In fact, the total liquidity to be pumped into the economy in the first half of this year will exceed 10 billion euros, including repayments of older loans.
Yesterday, the Hellenic Development Bank announced the completion of TEPIX II, while by the end of the month, the evaluation and approval of the applications for the first part of the Guarantee scheme will be also be completed.
The country's banks took steps to increase new loans being issued to businesses prior to the government's initiatives, while a new a record for loan disbursements was set in March.
According to Bank of Greece data, there was a net flow of financing (new loans after the repayment of older loans) to businesses in March amounting to 1.86 billion euros, compared with a positive net flow of 462 million euros in February, while credit expansion accelerated to 3.6 percent from 1.4 percent in February.
Funding continued in April, despite the lockdown, as the net flow of loans to businesses stood at 265 million euros, pushing credit expansion to 4.1 percent.
Bank executives point out to Business Daily that the above liquidity covers needs created by the shock of the pandemic. In addition to Oliver Wyman's study, National Bank CEO Pavlos Mylonas recently said at an event that "in 2020, businesses will need about 10 billion euros to fill their financial gap", adding that most of the needs are already being met by government programs, such as TEPIX and the Guarantee Fund, channelling nine billion euros of funds.
Yesterday, Eurobank chairman, George Zanias, while speaking at an online event of the Delphi Forum estimated that for the whole of this year new loans from banks will reach 20 billion euros.
Problems with applications
At the same time, there has been strong criticism of banks reluctance to lend money to businesses, while opposition leader Alexis Tsipras said that lenders are channeling a very small portion of government funds programs to businesses.
Many companies claim that banks with various excuses and excessive demands exclude them from support programs and many, including ministers, are critical of the effectiveness of banks.
Officials told Business Daily that the 2-billion-euro TEPIX II program had drawn applications seeking nine billion euros of liquidity, while demand for loans via the 3.5 billion euro Guarantee scheme reached 18 billion euros.

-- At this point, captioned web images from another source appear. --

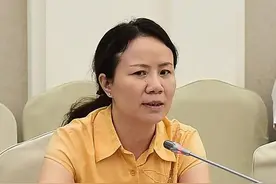 官宣！华西天府医院书记、院长，定了图片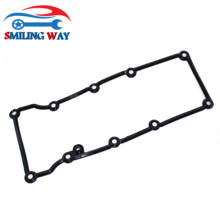 Engine Valve Cover Gasket Seal For Audi 100 80 A6 Avant VW Golf  Bora Caddy Corrado Passat New Beetle Sharan Vento Seat Skoda 2024 - buy cheap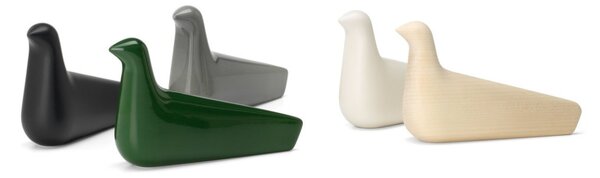 Vitra Dekorace L’Oiseau, natural maple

From the loan applications processed by banks it can be seen that a very large part of the applications, about 65 percent, were submitted by companies with a negative net position, companies that have been showing losses for a number of years due to low turnover and already burdened with NPLs. Worse still, many applications were submitted by companies with zero turnover and others were completely inactive hoping to turn the crisis into an opportunity.

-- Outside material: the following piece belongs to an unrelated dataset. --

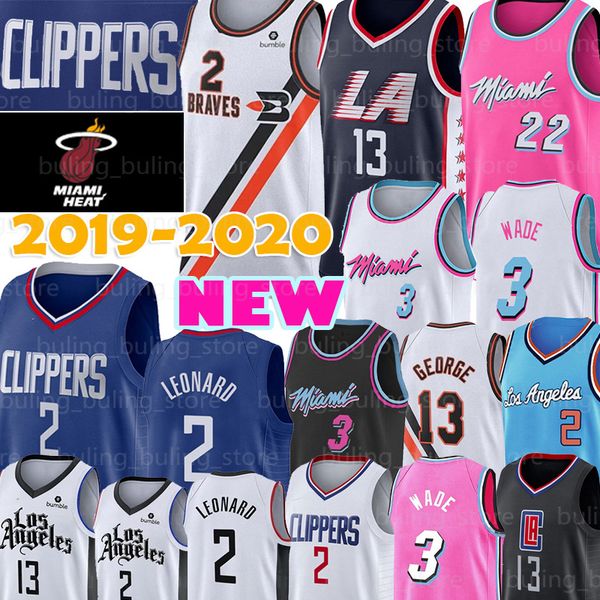 

Ncaa kawhi 2 leonard jer ey dwyane 3 wade jer ey paul 13 george jimmy 22 butler tyler 14 herro kendrick 25 nunn ba ketball jer ey, Black;red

The same sources note that the problem of non-performing loans formed after the 2009 fiscal derailment and the inability to deal with them has been a major burden for the banking system and the economy, which has not yet been resolved, limiting the economy's development potential.
They emphasize that compliance with banking criteria in the current crisis, ie channeling money to those who can repay them, is a vital issue for the country and warn that if banking criteria are not met, then it is certain that a new generation of bad loans will be created.